Rising to the challenges of climate change
When the Paris Agreement on Climate Change was signed at the Conference of Parties (COP21) in 2015, countries made serious, voluntary, and globally transparent commitments to reduce their greenhouse gas emissions to avert the worst impacts of climate change. Since then, the need for urgent action has accelerated. At COP26 in Glasgow in 2021, the international community reaffirmed and increased the ambitions to reduce emission levels.
COP26 underscored the need to reduce emissions through nature-based solutions and to place Indigenous Peoples and local communities at the centre of land management and benefit-sharing. The finalization of the Paris Rulebook and agreement on Article 6 have enshrined market-based approaches for carbon trading within the United Nations Framework Convention on Climate Change (UNFCCC). In parallel, voluntary carbon markets have taken off, reaching US$1 billion in transactions for the first time in 2021. In 2021, only 26 percent of the world’s investment to reach these targets went to agriculture, forestry, and other members of the land-use sector.
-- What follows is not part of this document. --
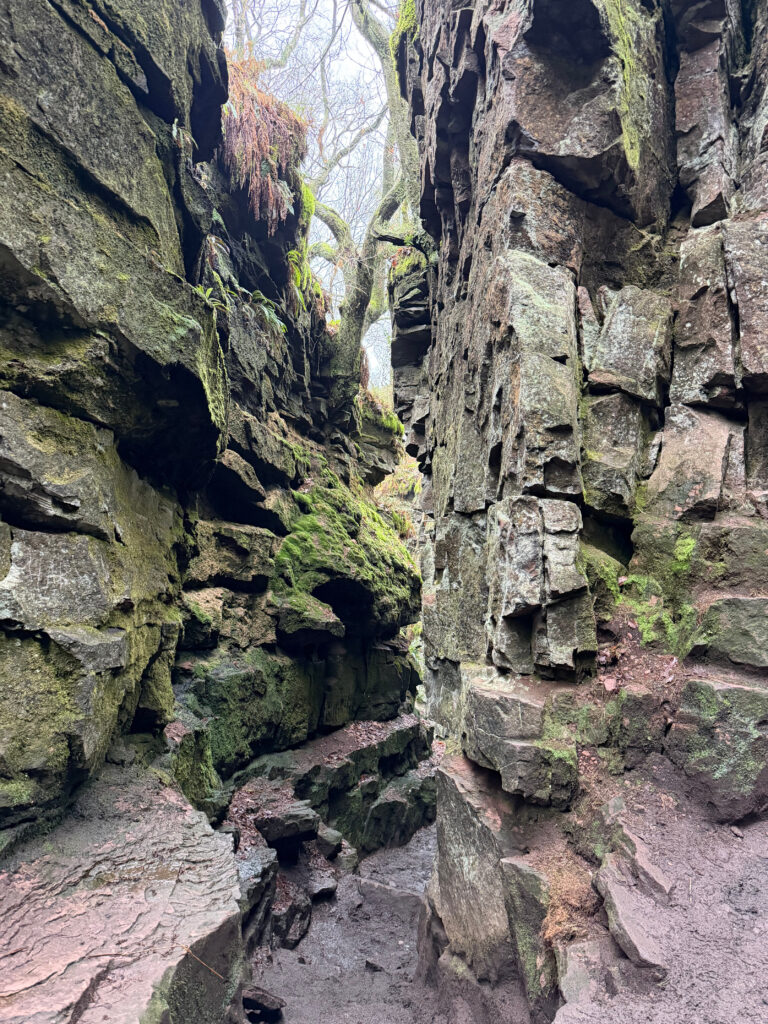 Deep chasm at Lud's church, huge boulder sides covered in moss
RECOFTC believes that funding for the land-use sector must be rapidly scaled up to reach the target of 1.5 degrees Celsius. Private sector commitment to achieving the target and investment in the land-use sector is crucial. Companies must take on multiple roles beyond investing in carbon credits. They must both reduce their emissions and ensure the integrity of supply chain commodities associated with deforestation risk. By embracing these roles, companies can strengthen and reinforce crucial regulations and policy directives by national governments for reducing deforestation.
At RECOFTC, we understand the need for urgent and effective action, and we are expanding our support for mitigating and adapting to climate change. While acknowledging the risks associated with market-based mitigation approaches, we see opportunities to strengthen the land rights of Indigenous Peoples through carbon markets and REDD+. We also see opportunities to foster and strengthen sustainable land management.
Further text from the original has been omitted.